--- Records provided Enclosed Below ---

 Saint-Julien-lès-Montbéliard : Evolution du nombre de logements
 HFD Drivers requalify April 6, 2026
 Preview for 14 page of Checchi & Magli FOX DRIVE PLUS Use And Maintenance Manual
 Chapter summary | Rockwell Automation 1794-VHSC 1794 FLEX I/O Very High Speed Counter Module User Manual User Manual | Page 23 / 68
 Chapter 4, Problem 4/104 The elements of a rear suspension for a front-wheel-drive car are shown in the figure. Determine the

--- End of Enclosed Records provided ---
--- Records provided Enclosed Below ---

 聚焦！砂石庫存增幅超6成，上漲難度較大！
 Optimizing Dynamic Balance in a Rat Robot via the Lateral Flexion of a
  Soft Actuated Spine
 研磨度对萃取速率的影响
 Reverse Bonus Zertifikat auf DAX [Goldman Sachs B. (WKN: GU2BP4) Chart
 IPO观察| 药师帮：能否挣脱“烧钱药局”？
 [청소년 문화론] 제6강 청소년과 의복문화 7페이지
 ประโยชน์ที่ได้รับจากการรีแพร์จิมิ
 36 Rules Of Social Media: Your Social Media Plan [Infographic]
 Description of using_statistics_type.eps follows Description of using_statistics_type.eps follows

--- End of Enclosed Records provided ---

- [Work required] Reproduce the lines above, beginning at the line with "聚焦！砂石庫存增幅超6成，上漲難度較大！" and stopping after the line with "Description of using_statistics_type.eps follows Description", exactly as they are.

- [Result of the exercise]
 聚焦！砂石庫存增幅超6成，上漲難度較大！
 Optimizing Dynamic Balance in a Rat Robot via the Lateral Flexion of a
  Soft Actuated Spine
 研磨度对萃取速率的影响
 Reverse Bonus Zertifikat auf DAX [Goldman Sachs B. (WKN: GU2BP4) Chart
 IPO观察| 药师帮：能否挣脱“烧钱药局”？
 [청소년 문화론] 제6강 청소년과 의복문화 7페이지
 ประโยชน์ที่ได้รับจากการรีแพร์จิมิ
 36 Rules Of Social Media: Your Social Media Plan [Infographic]
 Description of using_statistics_type.eps follows Description of using_statistics_type.eps follows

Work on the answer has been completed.